((

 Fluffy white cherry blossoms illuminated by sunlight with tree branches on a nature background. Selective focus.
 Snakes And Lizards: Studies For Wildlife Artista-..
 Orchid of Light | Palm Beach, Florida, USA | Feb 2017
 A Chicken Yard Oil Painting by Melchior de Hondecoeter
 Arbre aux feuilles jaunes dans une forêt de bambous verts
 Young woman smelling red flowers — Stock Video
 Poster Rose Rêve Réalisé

))

*INSTRUCTIONS FOR THE TASK*
Repeat the records above in full, word for word.

*PROBLEM SOLUTION*
 Fluffy white cherry blossoms illuminated by sunlight with tree branches on a nature background. Selective focus.
 Snakes And Lizards: Studies For Wildlife Artista-..
 Orchid of Light | Palm Beach, Florida, USA | Feb 2017
 A Chicken Yard Oil Painting by Melchior de Hondecoeter
 Arbre aux feuilles jaunes dans une forêt de bambous verts
 Young woman smelling red flowers — Stock Video
 Poster Rose Rêve Réalisé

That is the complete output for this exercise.